Current Medicaid regulations generally require states to cover all drugs that have been approved by the FDA, including where the drugmaker subsequently fails to show clinical efficacy within the timelines that were imposed as a condition of accelerated approval, the Oregon renewal application said.
In return for guaranteed Medicaid coverage for their FDA-approved drugs, drugmakers are required to pay large rebates to the states. Medicaid spent about $64 billion on outpatient prescription drugs in 2017, and collected $34.9 billion in rebates, resulting in net spending of $29.1 billion, according to the Medicaid and CHIP Payment and Access Commission.
Allowing Oregon to exclude accelerated approval drugs would give drugmakers an additional incentive to complete the required clinical trials, and would ensure that states are paying only for drugs that have been proven to provide a clinical benefit, Oregon said.
That is not always the case under the current system, said Rachel Sachs, a professor at the Washington University School of Law.

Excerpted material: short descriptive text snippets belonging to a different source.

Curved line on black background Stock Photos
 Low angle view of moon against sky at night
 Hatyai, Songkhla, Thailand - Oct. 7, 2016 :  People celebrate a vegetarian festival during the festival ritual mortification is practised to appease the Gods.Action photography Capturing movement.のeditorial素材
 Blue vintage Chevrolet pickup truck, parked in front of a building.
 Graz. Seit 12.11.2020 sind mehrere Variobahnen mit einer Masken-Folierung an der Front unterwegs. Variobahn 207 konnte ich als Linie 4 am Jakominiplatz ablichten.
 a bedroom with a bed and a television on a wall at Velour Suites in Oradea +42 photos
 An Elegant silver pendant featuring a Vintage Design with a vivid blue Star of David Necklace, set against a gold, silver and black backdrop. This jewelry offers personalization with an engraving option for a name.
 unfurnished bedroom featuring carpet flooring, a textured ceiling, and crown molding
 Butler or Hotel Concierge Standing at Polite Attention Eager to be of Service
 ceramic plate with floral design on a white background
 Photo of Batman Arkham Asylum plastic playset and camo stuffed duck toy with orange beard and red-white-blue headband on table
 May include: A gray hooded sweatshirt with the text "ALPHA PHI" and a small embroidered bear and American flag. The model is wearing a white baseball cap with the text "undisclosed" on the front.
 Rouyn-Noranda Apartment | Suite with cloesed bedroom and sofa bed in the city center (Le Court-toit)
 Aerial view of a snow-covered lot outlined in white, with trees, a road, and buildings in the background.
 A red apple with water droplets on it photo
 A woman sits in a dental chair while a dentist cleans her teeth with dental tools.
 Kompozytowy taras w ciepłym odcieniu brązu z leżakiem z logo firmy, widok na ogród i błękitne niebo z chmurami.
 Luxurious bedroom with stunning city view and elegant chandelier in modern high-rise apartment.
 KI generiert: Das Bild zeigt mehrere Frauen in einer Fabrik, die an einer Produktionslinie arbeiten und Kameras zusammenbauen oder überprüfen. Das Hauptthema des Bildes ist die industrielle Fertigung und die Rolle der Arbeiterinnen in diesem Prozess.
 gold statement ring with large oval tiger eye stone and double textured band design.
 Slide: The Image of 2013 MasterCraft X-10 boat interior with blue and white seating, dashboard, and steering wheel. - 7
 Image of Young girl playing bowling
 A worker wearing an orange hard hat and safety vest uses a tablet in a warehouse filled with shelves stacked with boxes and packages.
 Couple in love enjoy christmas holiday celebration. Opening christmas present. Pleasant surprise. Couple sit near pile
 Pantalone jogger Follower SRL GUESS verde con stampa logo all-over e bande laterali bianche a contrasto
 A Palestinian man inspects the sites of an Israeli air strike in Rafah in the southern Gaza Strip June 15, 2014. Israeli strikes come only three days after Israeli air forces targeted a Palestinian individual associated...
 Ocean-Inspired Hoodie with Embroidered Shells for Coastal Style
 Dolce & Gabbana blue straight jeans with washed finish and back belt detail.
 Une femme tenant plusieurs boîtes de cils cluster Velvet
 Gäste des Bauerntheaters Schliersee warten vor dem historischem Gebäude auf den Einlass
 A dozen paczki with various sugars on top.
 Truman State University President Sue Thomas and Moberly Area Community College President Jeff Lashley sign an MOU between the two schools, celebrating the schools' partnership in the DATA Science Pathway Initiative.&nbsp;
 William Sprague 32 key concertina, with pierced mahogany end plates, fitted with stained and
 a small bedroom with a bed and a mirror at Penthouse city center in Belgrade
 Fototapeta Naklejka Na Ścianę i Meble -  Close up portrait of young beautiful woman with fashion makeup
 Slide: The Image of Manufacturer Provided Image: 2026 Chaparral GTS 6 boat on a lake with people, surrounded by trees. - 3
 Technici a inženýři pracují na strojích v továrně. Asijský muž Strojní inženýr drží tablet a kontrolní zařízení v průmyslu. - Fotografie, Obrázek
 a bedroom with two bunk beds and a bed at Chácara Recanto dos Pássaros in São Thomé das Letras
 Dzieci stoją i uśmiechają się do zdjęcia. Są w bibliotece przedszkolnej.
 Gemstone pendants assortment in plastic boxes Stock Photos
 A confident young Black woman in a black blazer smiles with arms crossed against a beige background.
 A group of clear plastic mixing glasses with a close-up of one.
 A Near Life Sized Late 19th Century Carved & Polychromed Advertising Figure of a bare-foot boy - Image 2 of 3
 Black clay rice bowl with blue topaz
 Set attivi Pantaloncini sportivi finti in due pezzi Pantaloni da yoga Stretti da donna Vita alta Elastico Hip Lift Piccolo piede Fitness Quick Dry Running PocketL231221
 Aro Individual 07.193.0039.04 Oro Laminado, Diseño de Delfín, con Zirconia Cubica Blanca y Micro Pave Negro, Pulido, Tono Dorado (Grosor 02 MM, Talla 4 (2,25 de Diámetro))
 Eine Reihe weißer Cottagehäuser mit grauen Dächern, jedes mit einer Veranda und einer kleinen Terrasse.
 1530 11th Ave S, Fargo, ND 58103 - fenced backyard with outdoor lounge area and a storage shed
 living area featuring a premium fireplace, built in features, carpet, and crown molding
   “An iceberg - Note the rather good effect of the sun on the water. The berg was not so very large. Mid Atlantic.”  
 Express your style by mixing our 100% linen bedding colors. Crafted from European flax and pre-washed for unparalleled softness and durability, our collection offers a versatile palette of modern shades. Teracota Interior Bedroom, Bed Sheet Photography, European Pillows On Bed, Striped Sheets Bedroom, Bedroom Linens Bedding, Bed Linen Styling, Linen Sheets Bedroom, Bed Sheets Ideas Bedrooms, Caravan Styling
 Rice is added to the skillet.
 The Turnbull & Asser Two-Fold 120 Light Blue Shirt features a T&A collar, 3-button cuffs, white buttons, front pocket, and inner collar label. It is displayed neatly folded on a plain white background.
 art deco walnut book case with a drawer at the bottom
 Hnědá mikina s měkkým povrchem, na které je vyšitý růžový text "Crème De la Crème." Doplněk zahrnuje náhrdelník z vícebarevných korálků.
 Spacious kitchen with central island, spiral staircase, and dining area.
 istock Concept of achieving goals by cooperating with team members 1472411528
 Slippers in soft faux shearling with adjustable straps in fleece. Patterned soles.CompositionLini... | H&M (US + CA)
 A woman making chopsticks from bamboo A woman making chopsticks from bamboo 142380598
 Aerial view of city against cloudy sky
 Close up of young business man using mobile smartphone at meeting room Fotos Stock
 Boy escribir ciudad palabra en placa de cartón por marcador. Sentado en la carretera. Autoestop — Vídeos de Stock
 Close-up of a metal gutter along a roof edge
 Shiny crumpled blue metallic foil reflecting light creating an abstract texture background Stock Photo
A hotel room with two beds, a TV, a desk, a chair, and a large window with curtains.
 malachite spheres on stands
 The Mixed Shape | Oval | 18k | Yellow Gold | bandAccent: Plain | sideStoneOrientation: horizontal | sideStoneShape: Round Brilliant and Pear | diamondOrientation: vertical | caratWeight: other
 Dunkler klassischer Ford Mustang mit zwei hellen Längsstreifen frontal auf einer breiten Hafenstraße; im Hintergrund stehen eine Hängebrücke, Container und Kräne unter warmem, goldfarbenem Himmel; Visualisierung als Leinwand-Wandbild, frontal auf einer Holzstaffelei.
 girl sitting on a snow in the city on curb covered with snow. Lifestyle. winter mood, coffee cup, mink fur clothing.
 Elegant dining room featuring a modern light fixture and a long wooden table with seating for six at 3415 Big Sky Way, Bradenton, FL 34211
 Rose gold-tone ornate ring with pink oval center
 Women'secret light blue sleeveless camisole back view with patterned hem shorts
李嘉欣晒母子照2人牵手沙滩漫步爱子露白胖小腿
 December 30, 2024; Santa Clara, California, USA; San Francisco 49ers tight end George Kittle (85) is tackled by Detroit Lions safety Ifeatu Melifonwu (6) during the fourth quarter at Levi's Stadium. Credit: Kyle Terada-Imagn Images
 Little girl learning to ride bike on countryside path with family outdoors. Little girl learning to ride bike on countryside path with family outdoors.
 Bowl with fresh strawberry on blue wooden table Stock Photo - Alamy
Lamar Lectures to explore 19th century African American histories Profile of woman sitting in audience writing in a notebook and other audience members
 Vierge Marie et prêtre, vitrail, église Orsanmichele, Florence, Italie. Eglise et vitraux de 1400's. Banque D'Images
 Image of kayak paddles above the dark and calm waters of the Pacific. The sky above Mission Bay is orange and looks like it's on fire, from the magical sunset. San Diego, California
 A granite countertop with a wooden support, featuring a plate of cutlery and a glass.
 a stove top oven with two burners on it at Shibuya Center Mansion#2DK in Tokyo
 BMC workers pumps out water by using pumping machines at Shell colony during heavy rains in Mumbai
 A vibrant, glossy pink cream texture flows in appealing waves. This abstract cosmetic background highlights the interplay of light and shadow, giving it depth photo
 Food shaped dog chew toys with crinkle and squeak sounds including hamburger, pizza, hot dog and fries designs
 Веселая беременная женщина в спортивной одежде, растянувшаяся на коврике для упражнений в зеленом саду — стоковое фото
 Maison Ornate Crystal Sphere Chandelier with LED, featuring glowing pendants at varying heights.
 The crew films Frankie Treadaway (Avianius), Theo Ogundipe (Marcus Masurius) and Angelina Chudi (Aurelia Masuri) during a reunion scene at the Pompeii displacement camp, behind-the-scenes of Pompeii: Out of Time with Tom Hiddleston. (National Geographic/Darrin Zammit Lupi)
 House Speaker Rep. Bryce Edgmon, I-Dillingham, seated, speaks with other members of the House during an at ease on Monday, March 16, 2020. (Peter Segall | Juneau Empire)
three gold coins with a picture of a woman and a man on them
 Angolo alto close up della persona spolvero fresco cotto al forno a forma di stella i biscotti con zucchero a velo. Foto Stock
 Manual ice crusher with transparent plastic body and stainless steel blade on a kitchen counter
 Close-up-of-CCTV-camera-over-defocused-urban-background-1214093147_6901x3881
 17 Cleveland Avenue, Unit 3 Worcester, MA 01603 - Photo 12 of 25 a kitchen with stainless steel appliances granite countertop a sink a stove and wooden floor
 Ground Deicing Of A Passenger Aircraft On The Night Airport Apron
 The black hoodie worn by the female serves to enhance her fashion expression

“There are cases where a drug manufacturer completes the confirmatory trial on a drug that has received accelerated approval, the trial fails, and the drug stays on the market,” Sachs said. “And the FDA either can’t or won’t remove it. And that raises an important question: should the states and the taxpayers have to spend their limited resources on a product that has no demonstrated evidence of clinical benefit?”
But those who look at the issue of accelerated approval drugs from the standpoint of patients rather than of the Medicaid program as a whole ask a different question: whether it makes sense to allow states to restrict access to lifesaving drugs for low-income patients in the name of cost savings.
“This is a matter of incredible importance for cancer patients,” said Mark Fleury, a principal on the policy development team at the American Cancer Society. “Oncology makes up the lion’s share of accelerated approvals for all drug types, and within oncology, the majority of new molecular entities that have been approved over the past three years have been via accelerated approval.”
The impact on drug availability for patients who have no other treatment options have been dramatic, he said. The accelerated approval process has reduced the time for drugs to hit the market by 3.4 years on average.
“For cancer patients, that can make all the difference,” he said. “This process really is working. It really is granting patients earlier access to life-extending and lifesaving treatments.”
The problem with the Oregon proposal is that its target is the drug companies but its victims are Medicaid enrollees in need of accelerated approval drugs, said Wayne Turner, a senior attorney in the National Health Law Program.
“This isn’t a problem for the individual states to handle through the Section 1115 waiver program,” Turner said. “This is a matter for Congress.”
A variety of policy proposals have surfaced in Congress aimed at reforming the accelerated approval pathway and pressuring drug companies to complete confirmatory clinical trials.
These include allowing the FDA to take quicker action to remove drugs from the market once they have failed to demonstrate clinical benefit, requiring drugmakers to provide a plan for confirmatory trials before obtaining accelerated approval, increasing reporting requirements related to confirmatory trials, and imposing fines on drugmakers that fail to complete the trials.
A proposal floated by MACPAC would require drugmakers to pay increased rebates for accelerated approval drugs.
But looming in the background is a more fundamental issue for Congress to address, said Salo: how to help state Medicaid programs pay for an expected flood of expensive new treatments in the coming years.
“There’s a whole world of new therapies coming our way, we’ve really made it a national priority to go ‘all in’ on innovation, but we haven’t had the follow on conversation about the cost of innovation, and how we’ll pay for it,” he said.
“You’d find a lot of agreement from the states about this: we’re probably going to need help from our federal partners to spread the cost out more broadly.”